To say that all forms of diabetes are the same and should be treated in one way is like saying all forms of cancer are the same and should be treated with the same methods.  Oh, except you really don't ever hear someone telling a person with cancer that it was THEIR fault - if they just hadn't eaten that donut or had they exercised just a little more, their brain tumor wouldn't have developed.  I suppose people with lung cancer do get that blame put on them (if you'd just not smoked all those ciggies), but there are people who have lung cancer who've never smoked a single puff, just as there are people with diabetes who have never been obese, have eaten healthy diets and exercised - but still have the damned disease.  (pardon my French)

So to HELP spread the word about Type 1, please go to Mark Sanchez's Pepsi Refresh Project   and vote to help Mark and JDRF teach schools, teachers and children about the signs and symptoms of Type 1.
Let's try to spread the TRUTH about Type 1 diabetes instead of the Oprah-ized version.

Saturday, January 30, 2010

Hello, February

My goodness, it's been a while!
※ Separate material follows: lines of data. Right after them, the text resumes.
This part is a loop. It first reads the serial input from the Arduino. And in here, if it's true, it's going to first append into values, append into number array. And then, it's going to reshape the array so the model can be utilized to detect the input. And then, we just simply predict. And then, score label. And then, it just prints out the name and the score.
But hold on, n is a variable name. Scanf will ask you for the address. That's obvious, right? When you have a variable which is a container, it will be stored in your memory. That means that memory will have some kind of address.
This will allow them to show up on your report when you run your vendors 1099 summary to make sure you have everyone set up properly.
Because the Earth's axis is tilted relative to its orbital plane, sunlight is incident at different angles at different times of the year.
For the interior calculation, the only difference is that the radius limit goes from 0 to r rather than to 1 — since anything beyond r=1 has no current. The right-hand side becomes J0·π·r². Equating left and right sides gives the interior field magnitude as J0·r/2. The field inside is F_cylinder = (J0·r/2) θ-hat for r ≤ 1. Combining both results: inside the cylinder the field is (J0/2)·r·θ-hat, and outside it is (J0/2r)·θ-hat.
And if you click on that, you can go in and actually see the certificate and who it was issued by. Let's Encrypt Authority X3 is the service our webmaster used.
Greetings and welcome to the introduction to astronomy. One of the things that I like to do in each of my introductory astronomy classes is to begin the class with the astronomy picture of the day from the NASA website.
Sorry for the lack of posts....life has been crazy normal around here,
which means not getting a whole lot of things done.  I seem to get a little bit of everything taken care of, but nothing is done completely.  Oh, well, I'm not as Type A as I need to be, apparently. :)

Hmmm, so what's been going on around here.....
Arizona was slammed by an enormous winter storm last week.  We had an incredible amount of rain here
in the valley ("of the sun", ha) and the northern half of the state was covered in several feet of snow.  Schools and businesses were closed for days - how come when *I* went to NAU, we never had a snow day?  (Oh, that's right - because snow hadn't been invented yet.)  I spent the weekend in Prescott with some friends, and we had a FABULOUS time, even though I seemingly became a Weeble and was unable to stay upright in the snow.  Of course, I was informed that Weebles wobble but they DON'T fall down...but fall down I did!
Pics may be forthcoming, when I get them from the Official Photographer.  :) 
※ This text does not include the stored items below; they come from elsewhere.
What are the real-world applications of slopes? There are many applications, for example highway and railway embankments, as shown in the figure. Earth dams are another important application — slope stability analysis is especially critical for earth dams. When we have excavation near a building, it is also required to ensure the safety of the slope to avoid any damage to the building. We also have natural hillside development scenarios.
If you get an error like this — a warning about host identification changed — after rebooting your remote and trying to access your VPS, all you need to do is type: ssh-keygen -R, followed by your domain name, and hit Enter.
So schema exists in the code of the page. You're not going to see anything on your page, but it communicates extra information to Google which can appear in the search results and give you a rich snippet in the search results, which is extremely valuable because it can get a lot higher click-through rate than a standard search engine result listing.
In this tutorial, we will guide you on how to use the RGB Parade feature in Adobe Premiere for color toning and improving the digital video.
Things on the school front are not looking good.  This state is NOT supportive of public education, and it's looking like class sizes will be going UP (again) and pay will be going DOWN, most likely significantly.  Oh, and insurance costs are projected to go up about 30%.  If my salary is cut by the amount that other districts are cutting (anywhere from 15% to 40%!!) I may end up owing money to the district by the time all my deductions are taken out. :(   In this economy, I am grateful to have employment and I am even more grateful for the insurance benefits, but to be completely honest, the idea of working harder and not having any take-home money is really, really discouraging.  Part time job, anyone? 
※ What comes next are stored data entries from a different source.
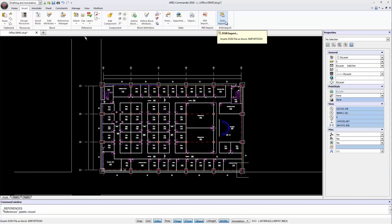The main advantage is that, after exploding the block, we may edit the entities directly in ARIS Commander 2016.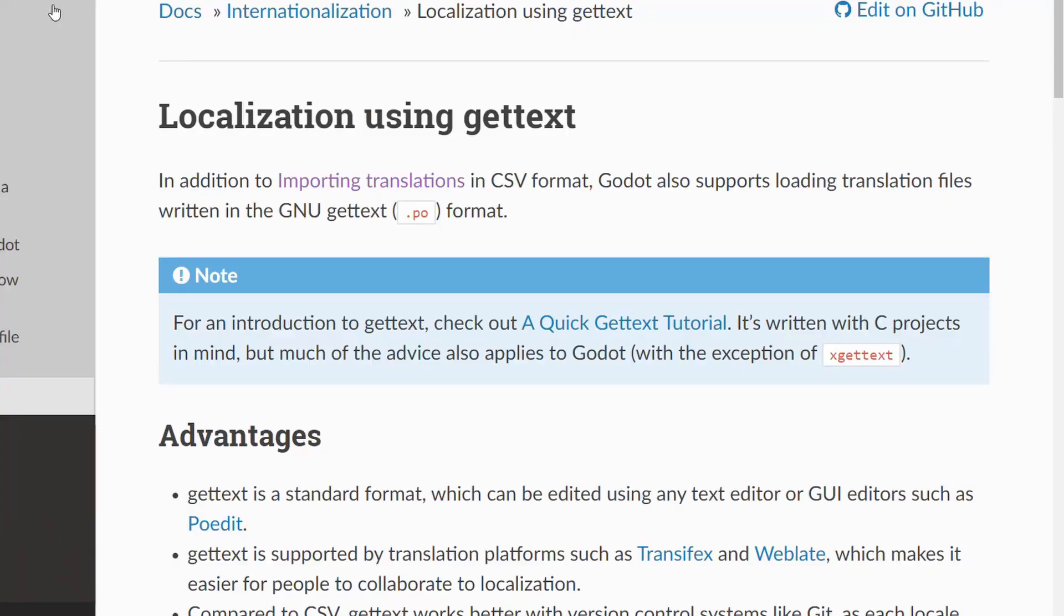If you think that translating a video game is as simple as getting your Spanish friend to change the words in your game, I've got some news for you - it's quite a bit more complicated than that. Hopefully Godot has some really nice tools to help you at least get started.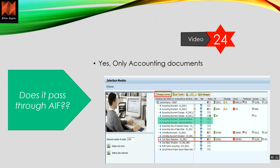As data moves into Central Finance, it passes through AIF — the Application Interface Framework. There are two relevant interfaces highlighted: 'Accounting Document External Interface' for create and for change. Any document coming from a non-SAP system passes through these two interfaces. Successes and failures are visible in the FINCF namespace in AIF, which is standard content provided by SAP.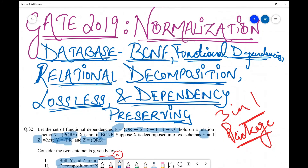That's all for this question. As you can see, it was a lengthy question because it covered normalization, BCNF, functional dependencies, finding closures and candidate keys, relational decomposition, lossless decomposition, and dependency preservation — all in one. That is why I term it a very important question from a GATE perspective.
Diabetes continues to throw a monkey wrench into things.  Miss M will have a day or two of lows followed by a day or two of 200+ readings that refuse to come back down.  I have stepped away from the majority of d-care tasks, as they had become a major source of contention between Miss M and I.  The DH is now designated d-care-parent.....how hard has it been for me to let go, you ask?  Well, do you know me at all?  I have a minor little control-freak streak.....just a little one.   He's doing fine - perhaps not doing things the way I would do it, but the peace between  my daughter and I is SO worth the nail-biting I have to do.  

Mr. Boy is growing taller every day...it won't be long until he passes me by.  (go ahead, those of you that know me - say it.  Passing me in height isn't that much of a challenge...)  They are both growing so fast!

Sunday, January 3, 2010

Back to school!

It's hard to believe that Winter Break is already ending....two weeks flew right past.
I am amazed at how much I thought I would get done, and how much *actually* got done.  Funnily enough, the two don't quite match.

The husband is recovering nicely from his gallbladder surgery, the kids made it through without causing each other too much bodily harm, and I got a lot of reading and relaxing accomplished - all in all, I suppose it was a nice break.

I'm sorry to say that for some friends, break wasn't so wonderful - Kelly's dad has had surgery, as has Shamae.  I will be keeping them both in my prayers.